→ **Work item**
The lines to copy run from the one containing "48lex 4* New York" to the very end of the records; give them exactly, and only them, without pictures.

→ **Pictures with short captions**
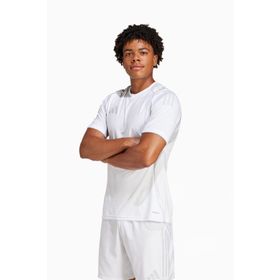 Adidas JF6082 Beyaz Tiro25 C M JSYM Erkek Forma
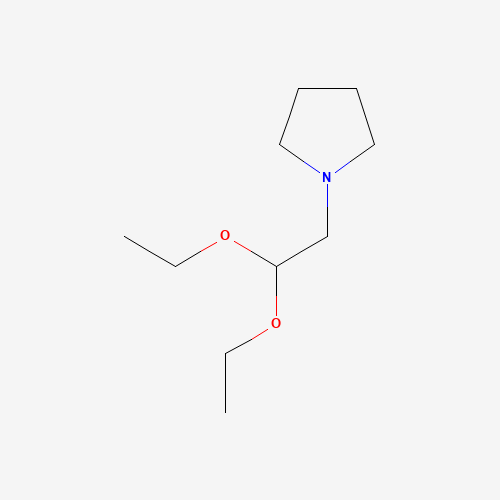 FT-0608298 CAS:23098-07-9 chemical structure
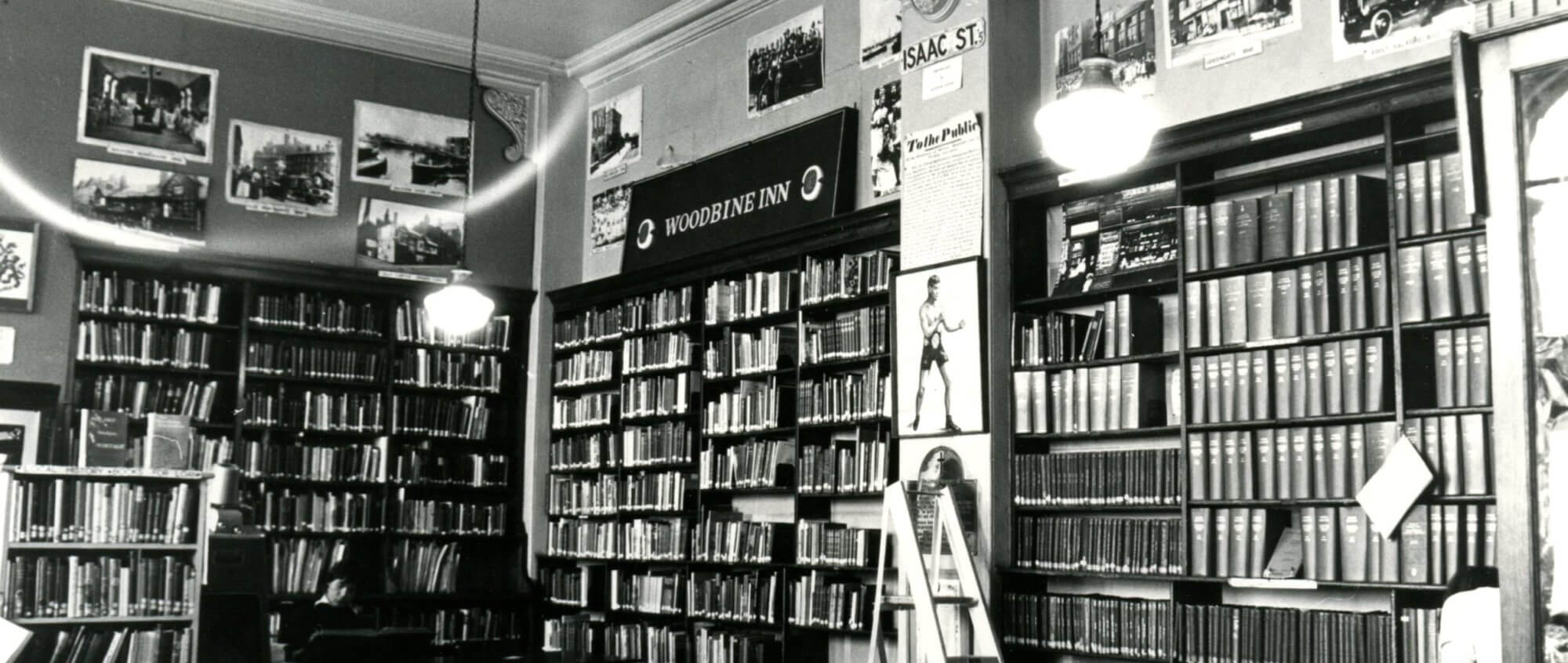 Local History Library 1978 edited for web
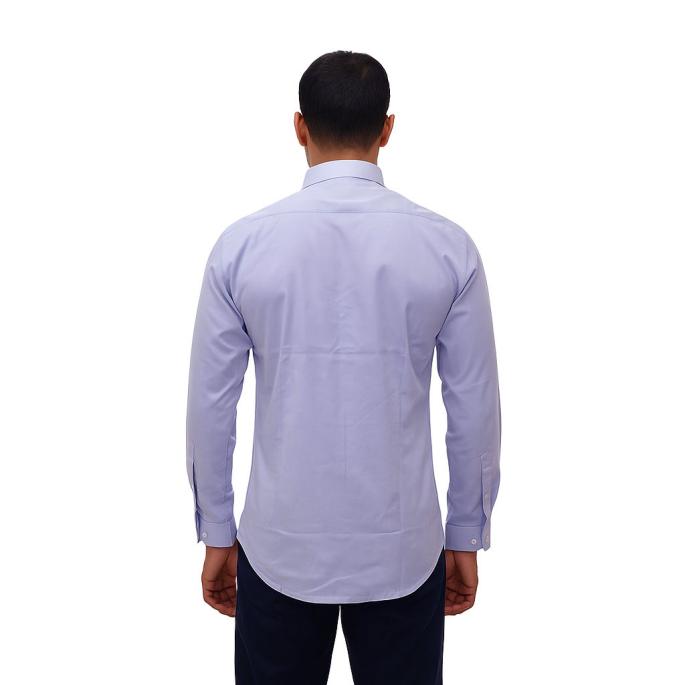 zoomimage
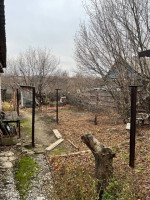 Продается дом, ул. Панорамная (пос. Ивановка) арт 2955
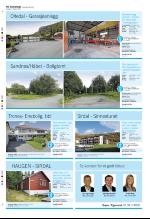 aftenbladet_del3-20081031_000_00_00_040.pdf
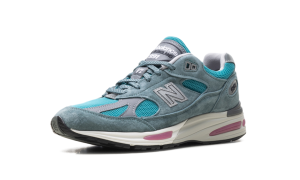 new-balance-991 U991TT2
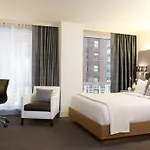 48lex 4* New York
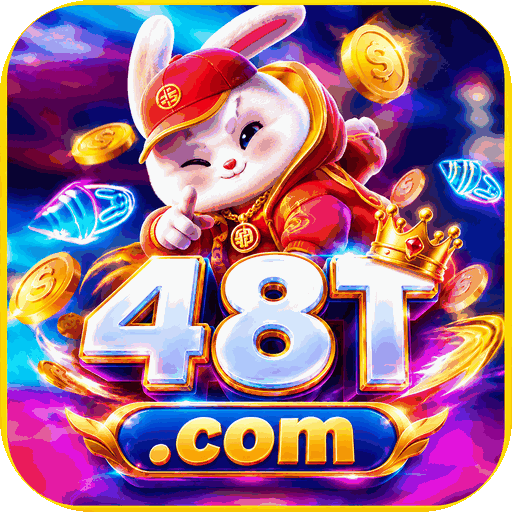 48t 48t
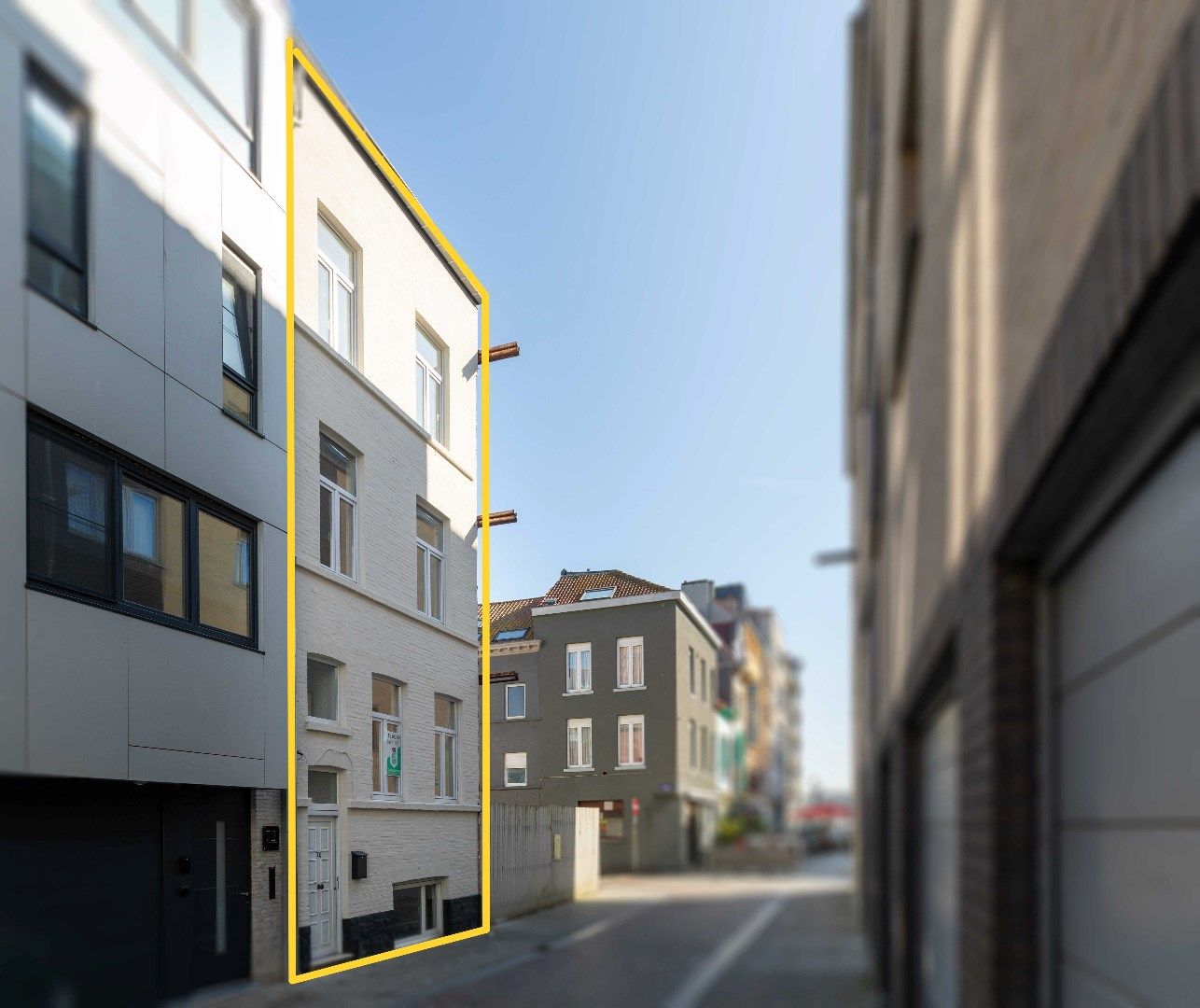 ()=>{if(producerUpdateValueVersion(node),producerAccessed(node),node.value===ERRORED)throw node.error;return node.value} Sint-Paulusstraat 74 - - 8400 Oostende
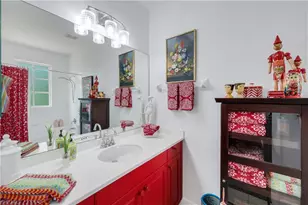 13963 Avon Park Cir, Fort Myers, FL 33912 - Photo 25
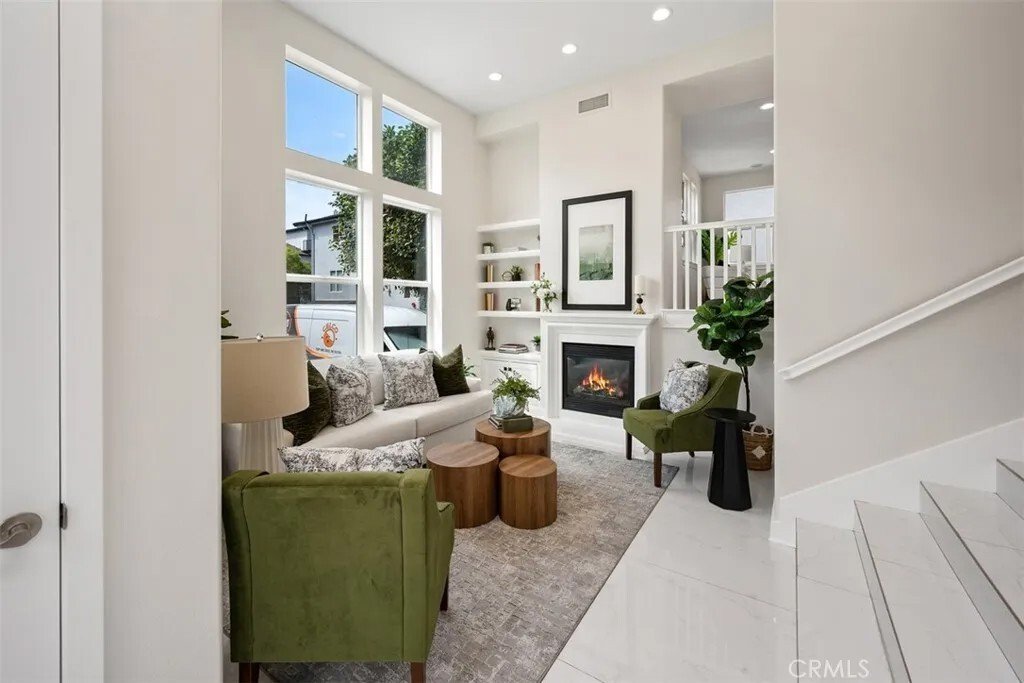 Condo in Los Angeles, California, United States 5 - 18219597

→ **Task result**
 48lex 4* New York
 48t 48t
 ()=>{if(producerUpdateValueVersion(node),producerAccessed(node),node.value===ERRORED)throw node.error;return node.value} Sint-Paulusstraat 74 - - 8400 Oostende
 13963 Avon Park Cir, Fort Myers, FL 33912 - Photo 25
 Condo in Los Angeles, California, United States 5 - 18219597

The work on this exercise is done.